É esse o recado da exposição “Imagem-Testemunho”, no Centro MariAntonia da USP, ao reunir as pinturas e gravuras de presos políticos na ditadura
Texto: Leila Kiyomura
Arte: Carolina Borin Garcia e Joyce Tenório
Sábado, 20 de maio de 2023
O silêncio de quem observa cada uma das 41 pinturas, gravuras e desenhos que compõem a exposição Imagem-Testemunho: Experiências Artísticas de Presos Políticos na Ditadura Civil-Militar, em cartaz no Centro MariAntonia da USP, atesta a importância de saber mais sobre a barbárie dos anos da ditadura. As histórias de tortura, violência e assassinatos contra mulheres, homens e crianças e os danos e violações aos direitos humanos trazem uma realidade que ainda atravessa o presente e ameaça o futuro. Uma história que está sendo revelada pelos depoimentos e também pela arte de presos políticos que conseguiram sobreviver, durante os anos 1970, nos presídios de São Paulo. Eles transformaram suas celas em ateliês. Nos presídios Tiradentes, Carandiru, Penitenciária Feminina, Hipódromo, Barro Branco e dentro do próprio Dops (Departamento de Ordem Política e Social), homens e mulheres pintavam, desenhavam, teciam roupas e transformavam a sua arte na liberdade de ser.

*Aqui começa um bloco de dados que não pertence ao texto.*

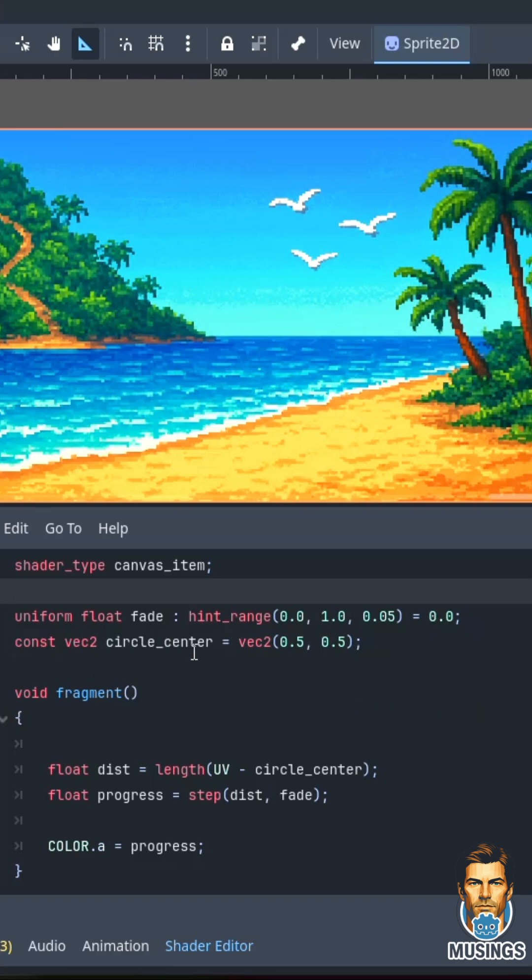The circle center is 0.5 and 0.5, which means I'm starting from the dead center of my sprite. Remember that this is 0 and this is 1 on the x-axis, this is 0 and this is 1 on the y-axis.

É essa expressão de resistência e coragem que está sendo exposta no Centro MariAntonia, em parceria com o Memorial da Resistência. A mostra tem a curadoria da professora, crítica de arte e vice-presidente da Associação Brasileira de Críticos de Arte (ABCA) Priscila Arantes. Está sendo realizada graças ao idealismo dos ex-presos políticos Alípio Freire e Rita Sipahi, responsáveis pela organização de um acervo com mais de 300 obras.
Para o diretor do Centro MariAntonia, José Lira, a exposição acontece em um momento oportuno. Um cotidiano de 2023 que vai além da política, com crimes letais, cruéis, em que até crianças são assassinadas.
“É imprescindível retornarmos ao testemunho dos que ousaram se levantar contra a tirania”, afirma Lira. “Pois sua voz, seu olhar, suas mãos, seus corpos, muitas vezes fustigados pelo aparato repressivo do regime, guardam tesouros da memória e da imaginação sociais.”
Rita e Alípio: uma história para sempre
Rita Sipahi caminha pela exposição. Serena, elegante, 83 anos, sorri diante de uma parede com várias gravuras, em que é a fonte de inspiração do artista e jornalista Alípio Freire. Observa uma foto sua, bem jovem, com os cabelos compridos, e diz: “Conheci o Alípio no presídio, fiquei lá 11 meses e quando saí ele pediu para visitá-lo e nós nos correspondíamos. Ele me pediu uma foto. Eu enviei esta aqui”.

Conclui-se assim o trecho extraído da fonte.